Features | 02 Dec 2019

Blueberry muffins, groovy lighting and connected tech

By James Manser, Editorial & Content Team

We invited the BBC’s Click programme to Loughborough recently to visit Adam Miller, who has Down Syndrome and dyslexia, to find out how he’s using Vodafone tech to help him lead a more independent life.

When we arrive, Adam tells us it was his birthday a couple of days ago. “We made blueberry muffins,” he says proudly.

He and his mum Nicky added a muffin recipe to the app he uses to help him plan and manage his day. He took the muffins with him to college and shared them with his friends on his birthday.

“He really enjoyed that,” says Nicky.

Since 2018, Adam, 33, has been a part of the Connected Living project, a joint venture between Vodafone Business Ventures and Mencap, the learning disability charity. He’s been helping to develop and test out apps and a range of Internet of Things (IoT) devices at his Supported Living accommodation in Loughborough.

The aim of the tech is to give people with learning disabilities more agency and independence, while enabling support workers and carers to keep a remote eye on the people they look after.

Adam took BBC Click presenter Paul Carter through all the things he could do on his Vodafone MyLife app, which he accessed via a tablet device. Adam can control the lighting in his room, set up to do lists, video call support staff, and manage his activities using a personalised diary management tool.

Adam Miller in his bedroom
Adam can adjust the lighting in his bedroom using the Vodafone app (photo copyright: BBC Click)

“I like hi-tech!” Adam told the BBC.

Nicky told Vodafone News that the app had “helped Adam with getting up in the morning, reminding him to shower without staff having to prompt him. He now does this independently.

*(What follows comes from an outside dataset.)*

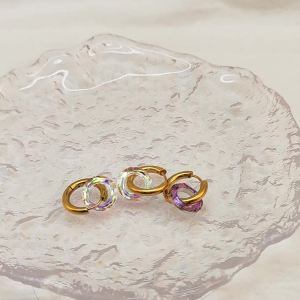 Lokaer Stainless Steel Colorful Luxury Cubic Zirconia Huggie Hoop Earrings 18K Gold Color Fashion Party Jewelry For Women E24128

“It also helps him to know which staff will be there during the day, what time they’re coming and where he’s going during the day.”

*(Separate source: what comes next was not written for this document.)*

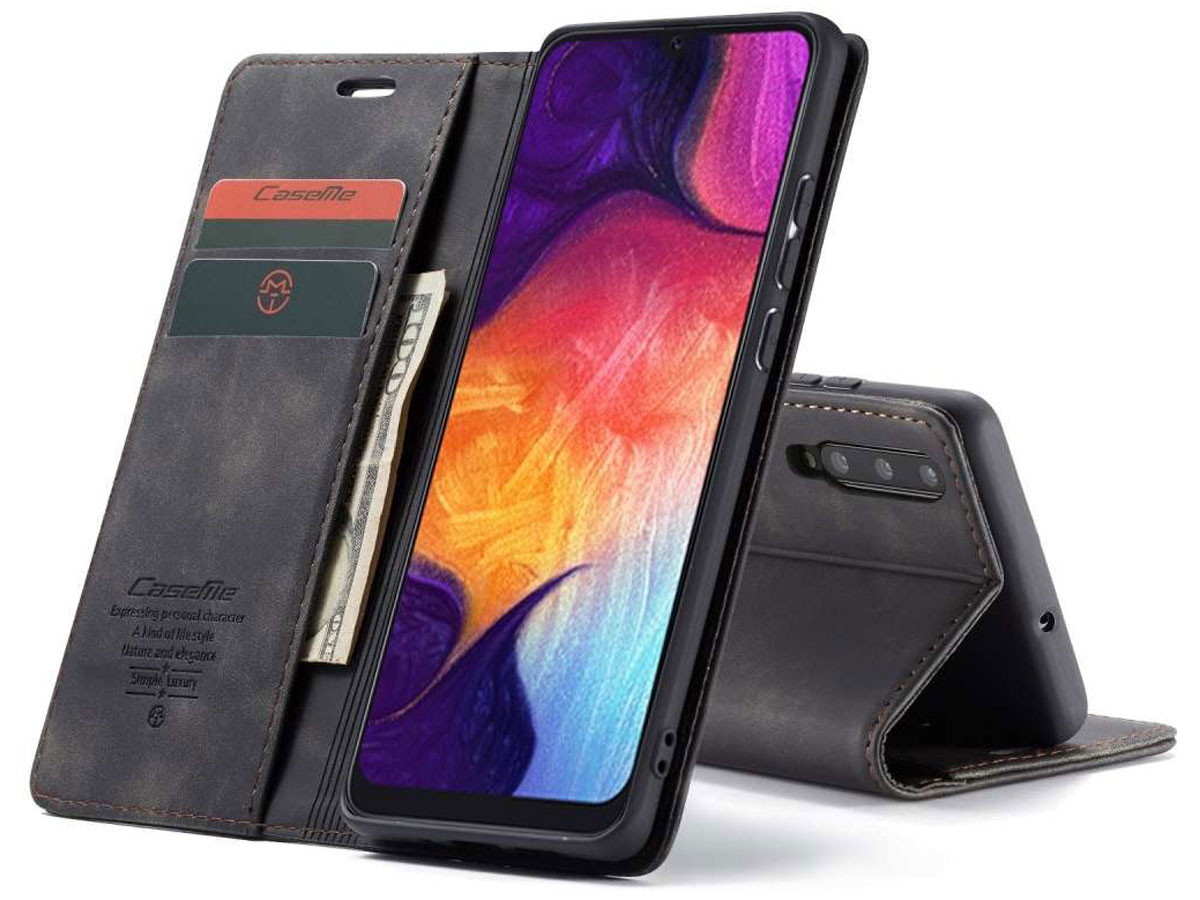 CaseMe Vintage BookCase Zwart - Samsung Galaxy A50 hoesje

But getting to grips with the technology has been a challenge, Nicky admitted.

“We’re still learning how it can help him,” she said.

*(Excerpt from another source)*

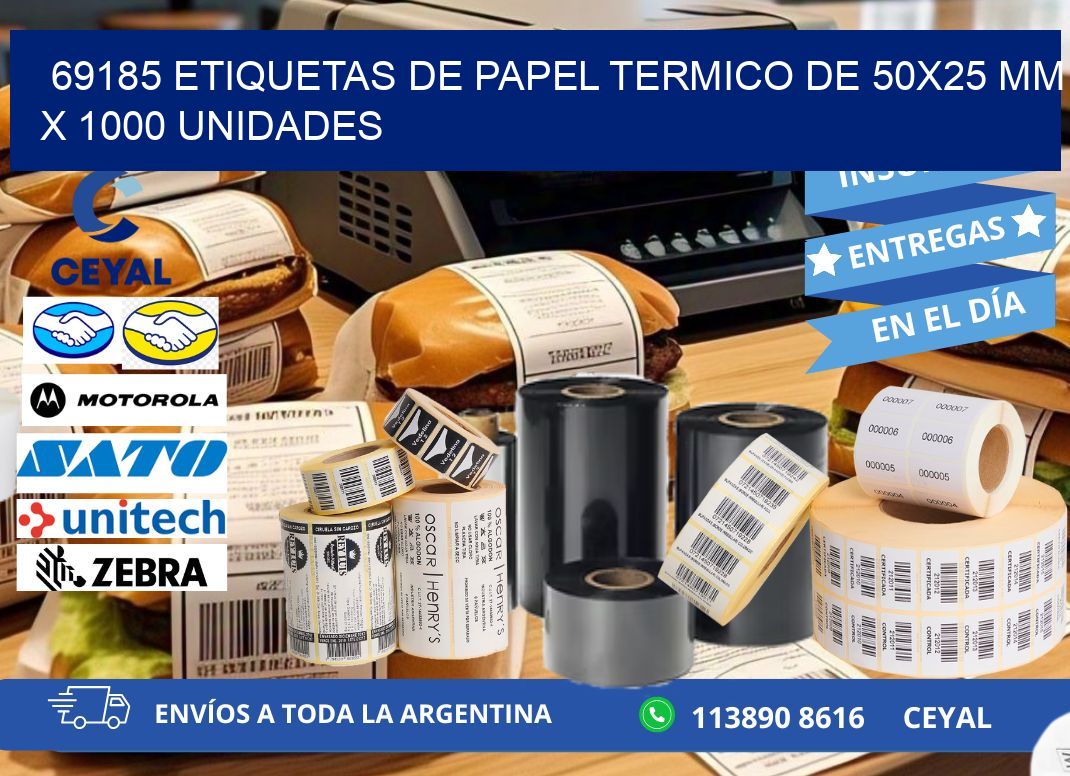 69185 Etiquetas De Papel Termico De 50x25 Mm X 1000 Unidades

As part of the Connected Living project, Vodafone has developed a number of features including:

  • My Room – managing smart plugs, smart locks and smart lights.
  • How To – supporting workers to create visual guides for everyday tasks.
  • My Day – a personalised diary management tool that enables users to create daily reminders.
  • My Talk – providing those with speech problems another way to communicate, via personalised images, text and a speech function.
  • Call Support – prompt remote support via a digital “panic button” that enables two-way video calling between residents and support workers.
  • To Do List – creating easy to-do lists.
  • My Front Door – answering the front door and checking who is calling from anywhere in the house.
  • Activity Sensors – detecting unexpected movement and alerting support workers.
  • Smart Locks – providing residents privacy and a sense of security in their own rooms.

“A lot of it is stuff quite a lot of people are familiar with,” Helen Lamprell, Vodafone UK’s General Counsel and External Affairs Director, told BBC’s Click. “Smart lighting and smart locks are not particularly new concepts, but what we’ve done is package it all together and put it into a user interface that is very user-friendly and intuitive to use.”

There are more than 1.4 million people living with learning disabilities in the UK – about 2.2% of adults and 2.5% of children. Some need more help than others.

For example, someone with a mild learning disability might only need support applying for a job, whereas someone with a severe learning (or physical) disability might need full­-time care and support with every aspect of life. So the level and sophistication of the tech is adapted according to the needs of the individual.

The Connected Living project has seen technology being installed and tested in 48 homes in 30 Mencap locations across the UK so far. And it is helping about 130 people lead more independent, more fulfilled lives.

“You and I, we just want to be independent and do our own thing,” Steve Baker, Mencap’s Operations Drector told the BBC. “And if technology can help people to do that then it means that you’ve got great control, you’re feeling more independent.

“The amount of confidence that is increased in people is really fantastic.”